━━ EXERCISE INPUTS ━━
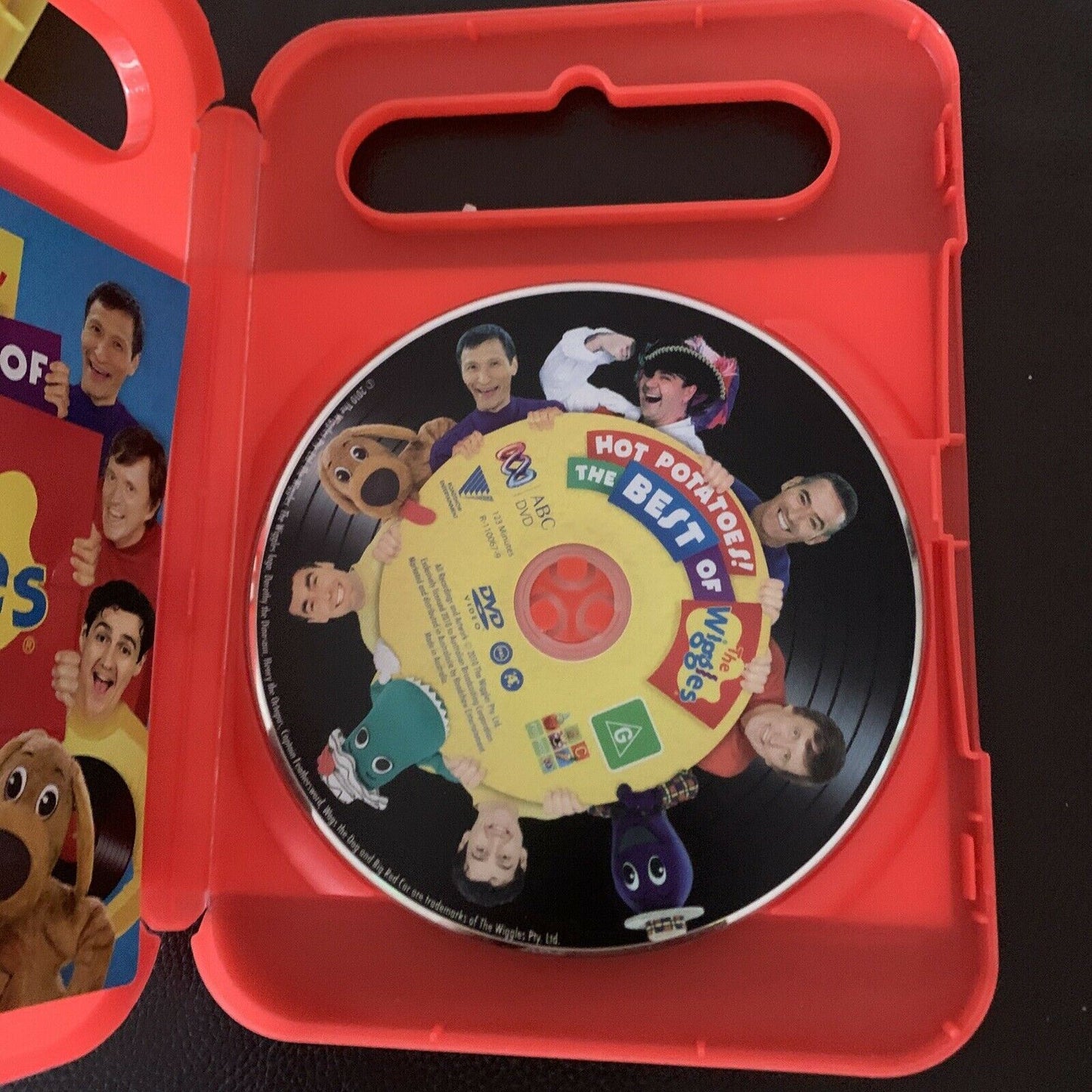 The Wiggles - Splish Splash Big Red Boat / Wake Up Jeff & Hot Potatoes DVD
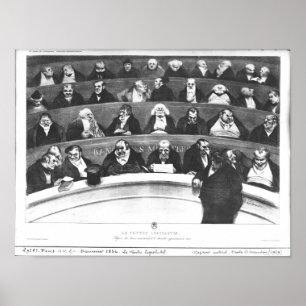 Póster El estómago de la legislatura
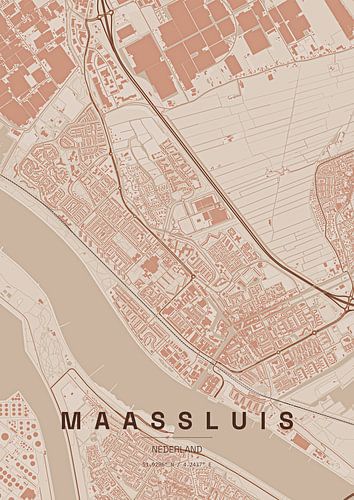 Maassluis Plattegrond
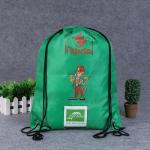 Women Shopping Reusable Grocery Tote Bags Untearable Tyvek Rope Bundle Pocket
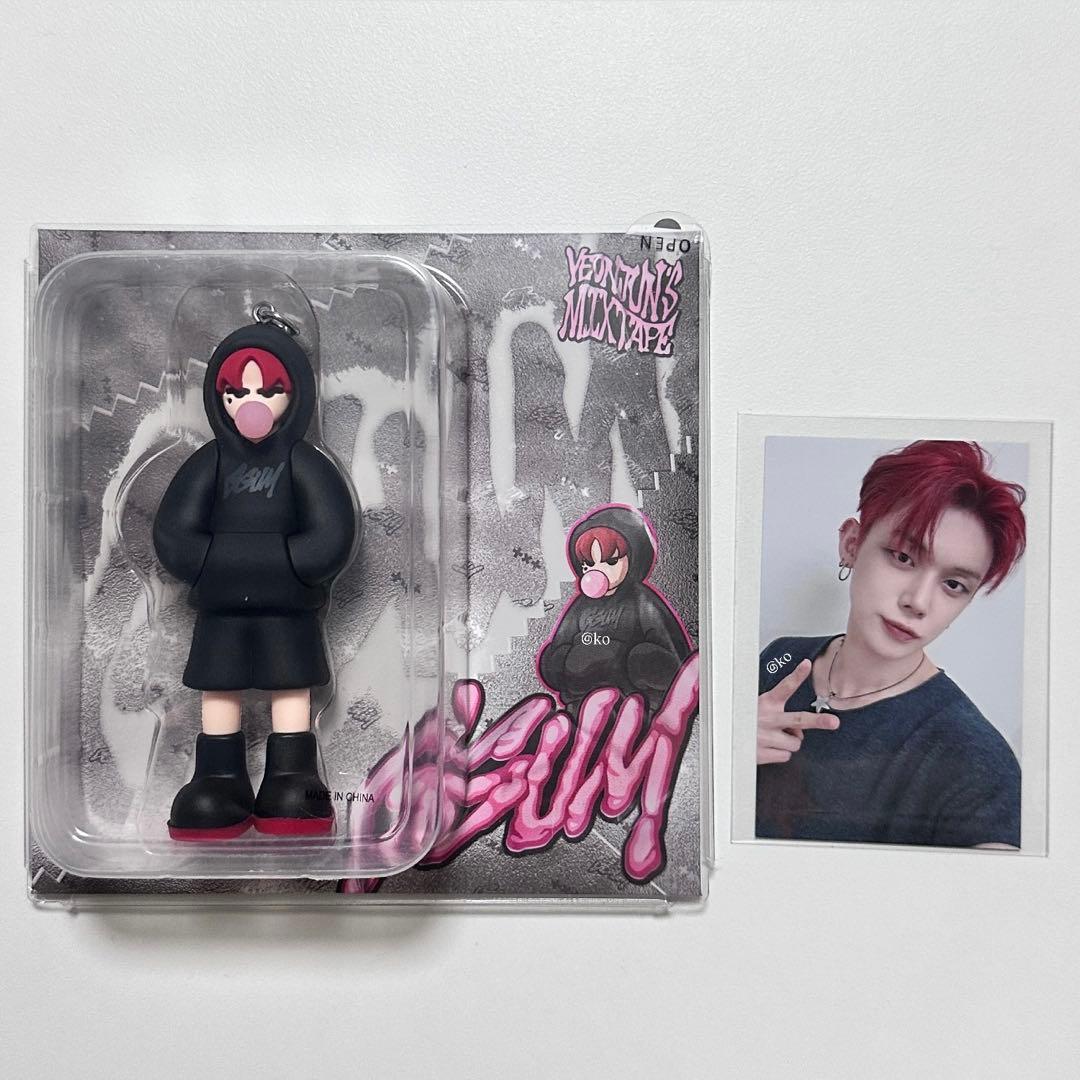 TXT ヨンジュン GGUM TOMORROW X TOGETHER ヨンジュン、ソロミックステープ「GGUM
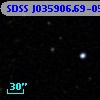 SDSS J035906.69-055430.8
━━━
━━ EXERCISE INPUTS ━━
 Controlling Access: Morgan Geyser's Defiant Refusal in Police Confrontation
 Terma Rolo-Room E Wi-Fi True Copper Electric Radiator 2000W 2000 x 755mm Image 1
━━━
■ **YOUR INSTRUCTIONS**:
Return only the stretch above from the line containing "The Wiggles - Splish" through the line containing "SDSS J035906.69-055430.8", word for word and without pictures.

■ **EXERCISE ANSWER**:
 The Wiggles - Splish Splash Big Red Boat / Wake Up Jeff & Hot Potatoes DVD
 Póster El estómago de la legislatura
 Maassluis Plattegrond
 Women Shopping Reusable Grocery Tote Bags Untearable Tyvek Rope Bundle Pocket
 TXT ヨンジュン GGUM TOMORROW X TOGETHER ヨンジュン、ソロミックステープ「GGUM
 SDSS J035906.69-055430.8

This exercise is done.